| Exercise details |
After locating "Flat lay composition" in the listing below, copy that line and each one after it exactly, ending with the line that has "1992.0005 A Sampler, detail".

| Information shown |
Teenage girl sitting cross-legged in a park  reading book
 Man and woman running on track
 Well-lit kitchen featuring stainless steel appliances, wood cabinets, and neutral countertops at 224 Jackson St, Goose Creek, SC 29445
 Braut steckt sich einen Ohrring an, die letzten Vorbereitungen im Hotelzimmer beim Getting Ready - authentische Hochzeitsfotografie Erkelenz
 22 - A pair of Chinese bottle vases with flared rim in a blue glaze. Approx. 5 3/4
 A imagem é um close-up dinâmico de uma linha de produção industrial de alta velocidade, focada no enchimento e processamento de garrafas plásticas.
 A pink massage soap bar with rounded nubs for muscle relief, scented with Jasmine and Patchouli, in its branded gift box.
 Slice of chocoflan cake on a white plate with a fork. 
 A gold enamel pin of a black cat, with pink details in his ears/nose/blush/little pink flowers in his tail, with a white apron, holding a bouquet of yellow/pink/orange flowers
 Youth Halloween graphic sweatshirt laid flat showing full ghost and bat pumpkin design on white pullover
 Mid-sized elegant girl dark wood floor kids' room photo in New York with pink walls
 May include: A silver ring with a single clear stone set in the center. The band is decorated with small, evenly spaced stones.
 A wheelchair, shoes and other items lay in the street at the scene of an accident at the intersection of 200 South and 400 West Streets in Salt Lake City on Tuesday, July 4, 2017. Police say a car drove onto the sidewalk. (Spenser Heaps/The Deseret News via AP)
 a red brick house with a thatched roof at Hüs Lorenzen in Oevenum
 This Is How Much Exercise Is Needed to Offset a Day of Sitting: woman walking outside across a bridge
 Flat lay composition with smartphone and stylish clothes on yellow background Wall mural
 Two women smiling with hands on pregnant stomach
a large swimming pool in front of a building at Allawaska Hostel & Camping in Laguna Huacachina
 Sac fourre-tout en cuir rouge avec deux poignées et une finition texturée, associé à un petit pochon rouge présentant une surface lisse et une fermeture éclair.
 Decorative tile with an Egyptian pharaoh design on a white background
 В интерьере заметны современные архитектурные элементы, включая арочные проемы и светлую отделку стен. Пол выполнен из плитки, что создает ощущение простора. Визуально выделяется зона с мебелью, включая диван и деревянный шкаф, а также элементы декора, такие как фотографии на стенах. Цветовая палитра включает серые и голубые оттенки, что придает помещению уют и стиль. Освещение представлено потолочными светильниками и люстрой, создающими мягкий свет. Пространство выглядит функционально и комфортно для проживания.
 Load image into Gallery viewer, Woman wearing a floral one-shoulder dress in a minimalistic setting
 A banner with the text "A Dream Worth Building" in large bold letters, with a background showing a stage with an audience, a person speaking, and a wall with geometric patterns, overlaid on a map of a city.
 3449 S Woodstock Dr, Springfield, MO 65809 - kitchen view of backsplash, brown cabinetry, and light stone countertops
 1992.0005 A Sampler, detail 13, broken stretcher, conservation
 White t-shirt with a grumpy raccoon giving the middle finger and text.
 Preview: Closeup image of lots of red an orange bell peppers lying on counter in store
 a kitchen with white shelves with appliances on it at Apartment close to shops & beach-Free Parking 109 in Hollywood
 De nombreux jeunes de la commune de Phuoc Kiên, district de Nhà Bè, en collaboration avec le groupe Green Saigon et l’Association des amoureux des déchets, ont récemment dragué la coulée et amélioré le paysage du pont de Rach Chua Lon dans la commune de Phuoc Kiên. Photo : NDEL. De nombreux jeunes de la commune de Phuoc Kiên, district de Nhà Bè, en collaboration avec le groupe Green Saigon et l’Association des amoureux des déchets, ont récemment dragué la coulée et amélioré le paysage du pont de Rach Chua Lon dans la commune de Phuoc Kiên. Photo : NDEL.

| Result below |
 Flat lay composition with smartphone and stylish clothes on yellow background Wall mural
 Two women smiling with hands on pregnant stomach
a large swimming pool in front of a building at Allawaska Hostel & Camping in Laguna Huacachina
 Sac fourre-tout en cuir rouge avec deux poignées et une finition texturée, associé à un petit pochon rouge présentant une surface lisse et une fermeture éclair.
 Decorative tile with an Egyptian pharaoh design on a white background
 В интерьере заметны современные архитектурные элементы, включая арочные проемы и светлую отделку стен. Пол выполнен из плитки, что создает ощущение простора. Визуально выделяется зона с мебелью, включая диван и деревянный шкаф, а также элементы декора, такие как фотографии на стенах. Цветовая палитра включает серые и голубые оттенки, что придает помещению уют и стиль. Освещение представлено потолочными светильниками и люстрой, создающими мягкий свет. Пространство выглядит функционально и комфортно для проживания.
 Load image into Gallery viewer, Woman wearing a floral one-shoulder dress in a minimalistic setting
 A banner with the text "A Dream Worth Building" in large bold letters, with a background showing a stage with an audience, a person speaking, and a wall with geometric patterns, overlaid on a map of a city.
 3449 S Woodstock Dr, Springfield, MO 65809 - kitchen view of backsplash, brown cabinetry, and light stone countertops
 1992.0005 A Sampler, detail 13, broken stretcher, conservation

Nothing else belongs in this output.